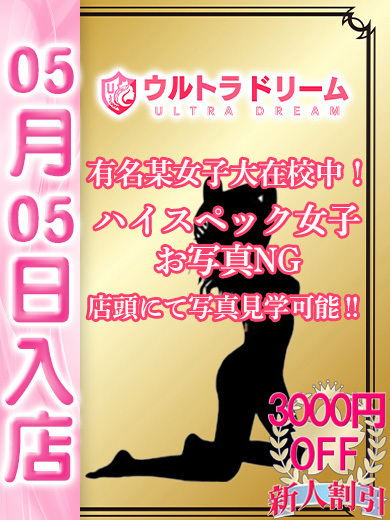 【ウルトラドリーム】新大久保ホテヘル 学園系イメクラ みゆ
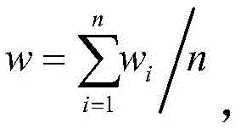 Figure FDA0002565917240000032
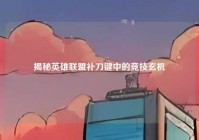 揭秘英雄联盟补刀键中的竞技玄机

++++++++++

--- TASK ---
Output the whole of the data, unchanged; keep the pictures out.

--- TASK RESULT ---
 【ウルトラドリーム】新大久保ホテヘル 学園系イメクラ みゆ
 Figure FDA0002565917240000032
 揭秘英雄联盟补刀键中的竞技玄机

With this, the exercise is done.